Inflation in the U.S. cooled for the third straight month, setting the stage for the Fed to cut interest rates as soon as September.

In a significant turn of events for the U.S. economy, inflation cooled for the third consecutive month in June, providing a compelling case for the Federal Reserve to consider cutting interest rates later this year. The consumer price index (CPI) dropped by 0.1% from May to June, marking the first monthly decline since May 2020, when the pandemic brought the economy to a halt. Annually, prices rose by 3% in June, down from 3.3% in May, according to the U.S. Labor Department.

This unexpected decrease in inflation has bolstered optimism among economists and Fed officials alike, who see it as a signal that inflationary pressures are easing.

Luke Tilley, chief economist at Wilmington Trust, emphasized the significance of the recent data, stating:

“This confirms that there is very little chance of inflation re-accelerating and that it’s time for some rate cuts from the Fed.”

Inflation Cools as Housing Costs Drop

The slowdown in inflation was driven by several factors, including a notable reduction in housing costs, which rose only 0.3% from May to June, the mildest increase in nearly three years. Additionally, gas prices fell for the second consecutive month, dropping by 3.8% on average nationwide from May.
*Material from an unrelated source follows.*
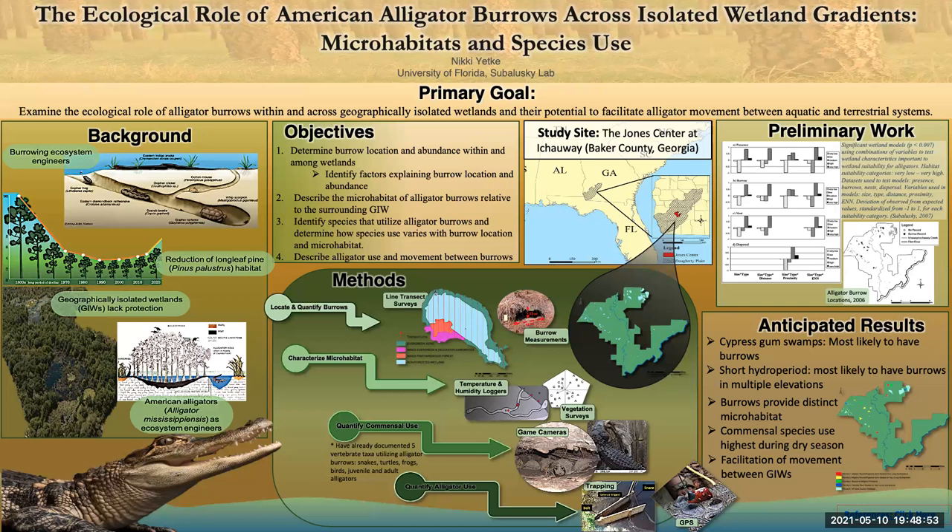Thus far, we have documented five vertebrate species utilizing these burrows, including juvenile and adult alligators, snakes, turtles, frogs, and birds.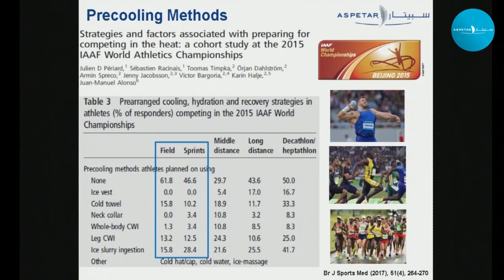Field and sprint athletes should be careful when using pre-cooling. There are quite a few using it, including sprinters and field athletes using whole body cold water immersion for pre-cooling — and this is a massive concern.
Used car prices, another major contributor to past inflation spikes, decreased by 1.5% and were down 10.1% year-over-year.

Mary Daly, President of the San Francisco Federal Reserve, echoed the sentiment for potential rate cuts, suggesting that the combination of slowing inflation and a cooling job market could justify policy adjustments. “I see it as likely that some policy adjustments will be warranted,” Daly remarked in a conference call with reporters, though she did not specify the timing of such cuts.

Consumer price index twelve month percentage change chart shows U.S. inflation cools trend.

Cost of Living Remains High

Despite the positive trends, the cost of living remains significantly higher than pre-pandemic levels, particularly for essential items such as food, rent, and healthcare. Grocery prices, for instance, ticked up by 0.1% in June, the first increase in five months, and remain 21% higher than in March 2021. This ongoing burden is a source of public discontent and could pose a challenge for President Joe Biden’s re-election campaign.

For many Americans, the high costs of essentials continue to strain household budgets. Deborah Stettler, a 51-year-old single mother from Quincy, Massachusetts, shared her struggles, saying, “Rent has gone up, food has gone up, the pay doesn’t go up. I’m still going to the food pantry for food help because, by the time you pay all your bills, you don’t really have a lot of money left for food.”

Markets React to Increased Rate Cut Odds

The recent inflation data has also had immediate effects on the financial markets. Following the release of the June CPI report, stock market futures rose, while Treasury yields tumbled, reflecting increased investor confidence in the likelihood of upcoming rate cuts.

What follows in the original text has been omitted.